" Bonsoir, Vos témoignages sont extrêmement touchants. J'ai 21 ans et je souffre d'anorexie-boulimie depuis 4 ans. Cela va faire 2 ans que je suis suivie par des spécialistes à la Timone à Marseille. J'ai du mal à faire totalement confiance à l'équipe car depuis que mon anorexie s'est calmée et que ma boulimie a repris le dessus je ne cesse de grossir (je mesure 1m54, je pesais 39 kilos, suis passée par des paliers à 46, 48 kilos, mais là je suis plus à 53-54). J'ai très peur de grossir de nouveau, dans mon adolescence il m'est arrivé de peser jusqu'à 70 kilos... Je vous en prie si vous êtes passé(e)s par là partagez votre expérience avec moi. J'aimerais m'en sortir mais quitter la maladie me fait peur. Je ne sais plus quoi faire, aidez moi je vous en prie. Merci. "
Hier j'ai reçu ce commentaire particulièrement poignant. Anonyme et sans aucune possibilité de joindre la personne, j'ai décidé de lui répondre ici. Je ne prétends pas pouvoir aider les autres sur un sujet aussi délicat et parfois dramatique que les troubles du comportement alimentaire. Je peux simplement apporter le regard d'une ex.

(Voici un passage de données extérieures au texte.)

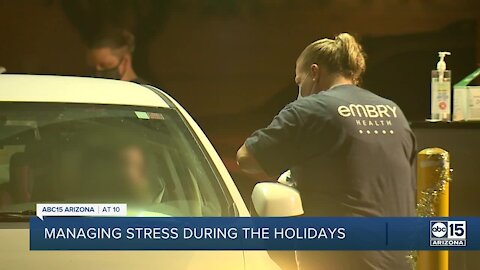 Experts talk about managing stress during the holidays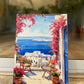 Spring in Santorini - 003 Canvas Painting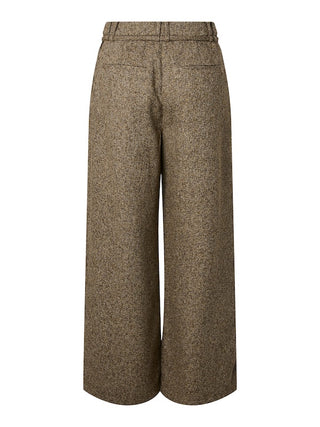 YAS - Gima pants - sepia melange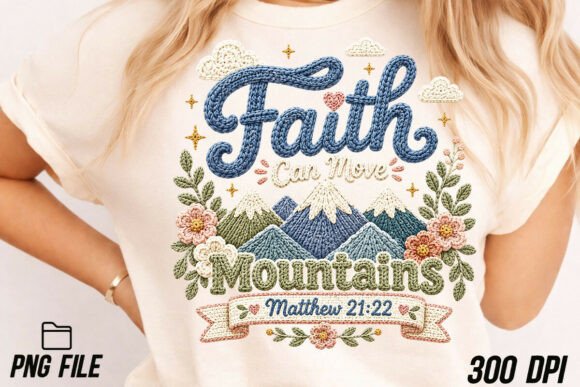 Faith Verse Faux Yarn Crochet Png, Jesus: A Digital Asset for Meaningful Design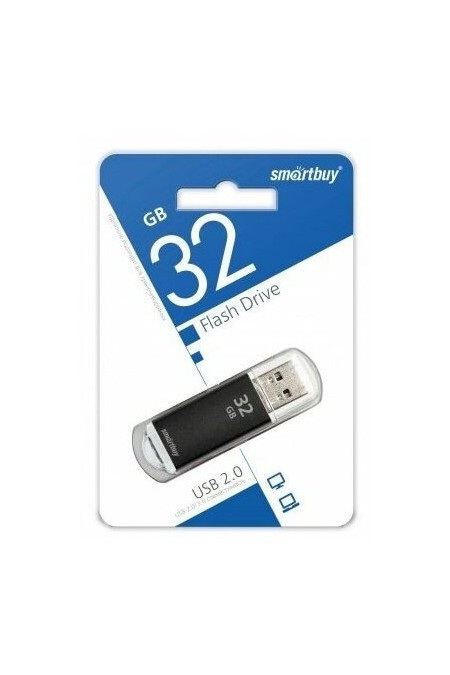Флешка SMARTBUY CLUE USB 2.0 32GB (SB32GBCLU-K) (черный) 1
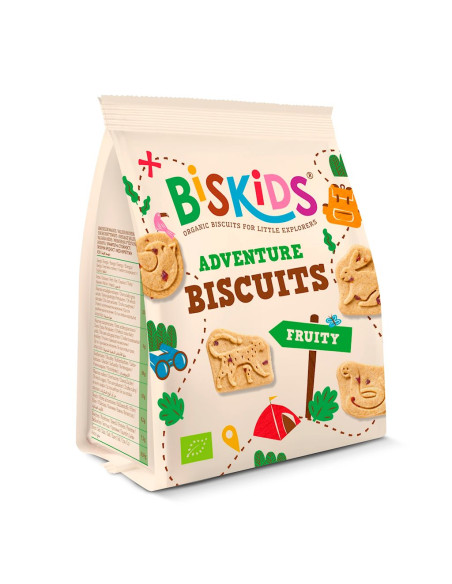 CIASTECZKA WIELOZBOŻOWE JABŁKOWE ZWIERZĘTA BIO 100 g - BISKIDS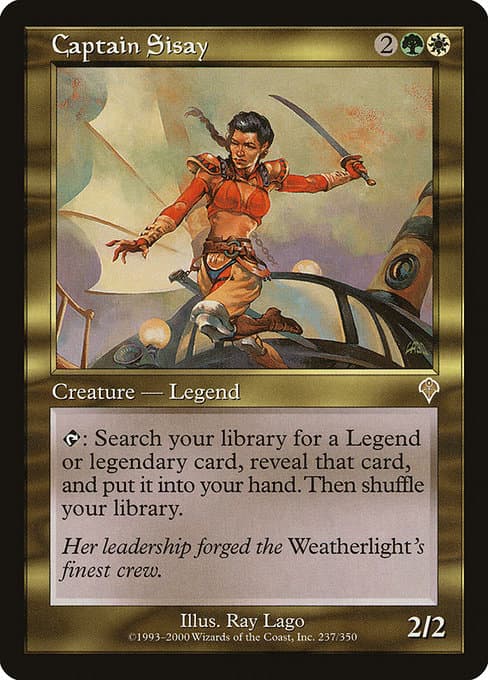 Captain Sisay 2000 Magic: The Gathering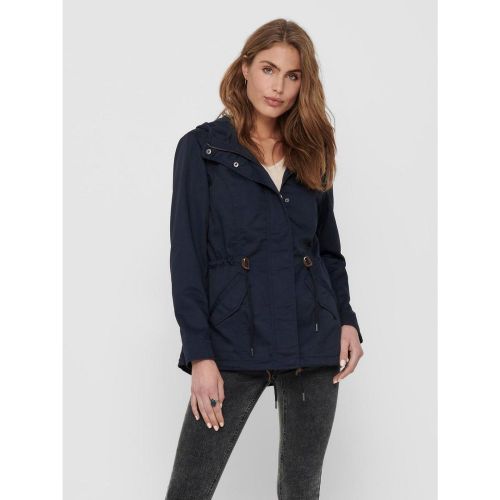 Parka Capuche Mancherons bleu - Only - Modalova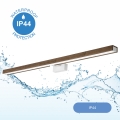 Brilagi - LED Bathroom mirror lighting WOODY MIRROR LED/15W/230V 90 cm IP44 oak walnut/white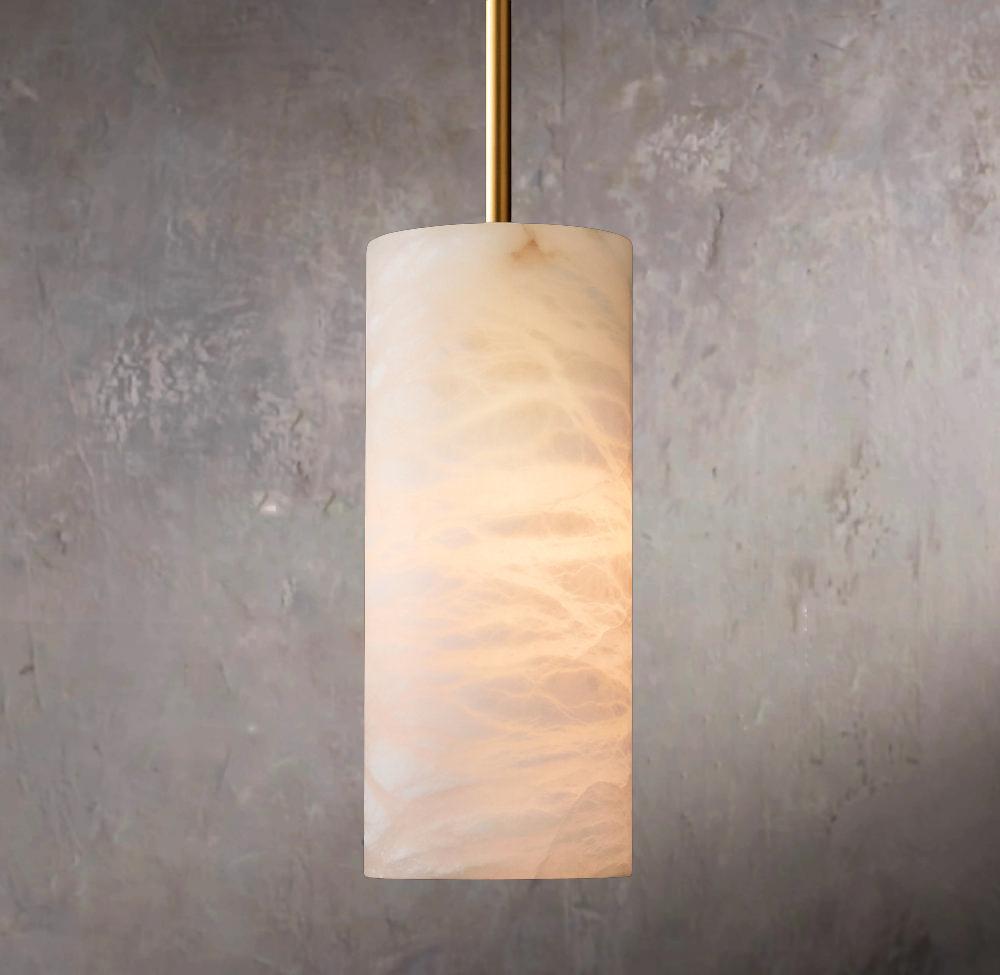 Handcrafted Alabaster Column Pendant Charm - Tianguang Alabaster Lighting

D'une ex anorexique. D'une ex boulimique.
Je me dis parfois que c'est 1 erreur. Que les personnes en telle souffrance qui viennent ici, et qui se battent contre l'anorexie ou la boulimie, vont prendre peur en me voyant. En voyant qu'en guérissant, je suis devenue l'exact opposé de ce qu'elles recherchent. Une femme ronde. Mais voilà, c'est mon vécu et c'est ce que je suis devenue. Pour le moment.
Mais toi, chère anonyme, tu as décidé de m'écrire. Pour que je partage mon expérience. J'estime l'avoir assez souvent partagée, j'ai même parfois peur de gonfler mes lectrices avec ça. Mais c'est vrai que je parle rarement de la guérison. Du moment où j'ai réalisé que je n'étais plus vraiment en souffrance avec mon poids. Ou en tout cas moins. Du moment où j'ai réalisé que je mangeais avec plaisir, sans jamais penser à vomir. A vrai dire, du point de vue que j'en ai, la guérison c'est quelque chose qu'on veut. Qu'on désire au plus profond de soi. Et il faut un but. L'anorexie est une maladie perverse dans laquelle on se complait parfois. Et c'est bien tout le problème. Je ne veux pas faire de généralité d'une maladie si complexe mais je sais que je ne détestais pas être anorexique. Boulimique si bien sur. Mais anorexique, j'avais le contrôle sur ma vie, sur mon corps, sur ma famille et je me sentais en quelque sorte supérieure. Supérieure d'être capable de me passer de quelque chose d'indispensable à l'être humain : la nourriture. Et puis il y a cette peur. Cette peur dont tu me parles, la peur de grossir, de voir son corps changer... Et je comprends cette peur. Je la comprends. Parfois même je me regarde dans la glace et regrette parfois ce corps mince, frêle, fragile de l'anorexique. Donc oui je te comprends. Mais un jour tu vas te réveiller, il le faut, et tu vas réaliser que la vie n'est pas que contrôle de soi, comptage des calories, crises de boulimie, et pesée quotidienne. Moi je suis tombée amoureuse. Et voir le regard triste de l'homme que j'aime quand il me regardait me détruire, ça m'a passé ... Aujourd'hui je n'le vois plus ce regard là. Il est parti. Parce qu'il ne me voit plus sortir des toilettes en sachant que j'me suis fait vomir jusqu'au sang. Il me voit plus épanouie. Il sait que j'ai des complexes liés à mon poids. Mais il n'aurait jamais supporté que je me détruise toute ma vie. Toute notre vie.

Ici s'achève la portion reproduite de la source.